Trigger Warning: Suicide mention.
All these things we'll one day swallow whole
Word Count: 2042
The water long since cooled to lukewarm. There, under the cold light of splintered crystals, Faustite sunk further beneath the surface. He watched as bony, teenaged knees jutted up awkwardly out of the bathtub's contents, wet with the cooling beads, and every bit as knobby as they've always been. Much of his body looked the same, he discovered, with a measure of consternation and dismay - his chest remained hairless, his hips jutting, his ribs barely coated with the first hints of muscle. Even know, he was all elbows and knees. Even with his eyes and fingers indelibly inked, he looked just as much a boy.

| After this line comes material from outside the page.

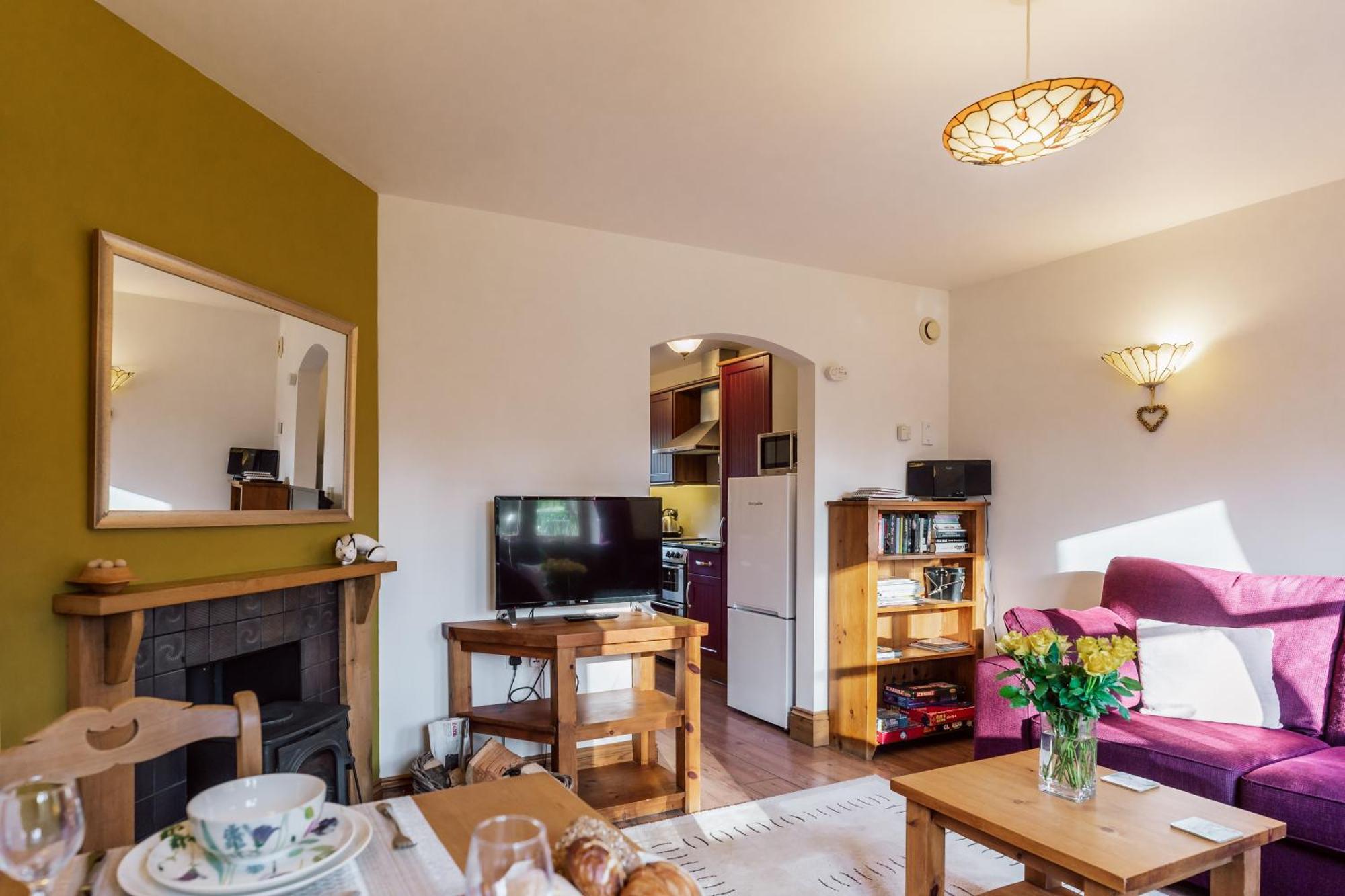 Travel Fox Cottages- Swimming Lake, Bbq Hut, Games Area - Alton Towers Ferienhaus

Happy birthday, he thought to himself. Once more he sank, and his nose breached the surface. Exhaling, he watched the water bubble up boisterously. He wanted to laugh, to choke, to cry. He wanted to wrench out his tightening throat and throw it against the rock-hewn wall with all the strength still left in his bones - all the strength bestowed on him by Faustite, the specter who would not cease his haunting. He looked to the ceiling with his eyes of pitch, where crystals stared back at him from above. Happy birthday, he echoed again, and smoke-stricken tears carved their path down sharp cheekbones. They fell through the hollows of his cheeks, and petered down into the clear water with ever-turning rivulets.
Today you'd be getting your license. Today your mother would present you with a cake - red velvet, with cream cheese frosting and a side of glazed strawberries topped with whipped cream. You'd ask for tiramisu and she'd laugh, she'd explain away the red velvet as being for the rest of the guests. You'd ask what guests, but you already knew - she does this every year. That's always been the cue for everyone to shout surprise. The tradition bugs you, but you'd never say so.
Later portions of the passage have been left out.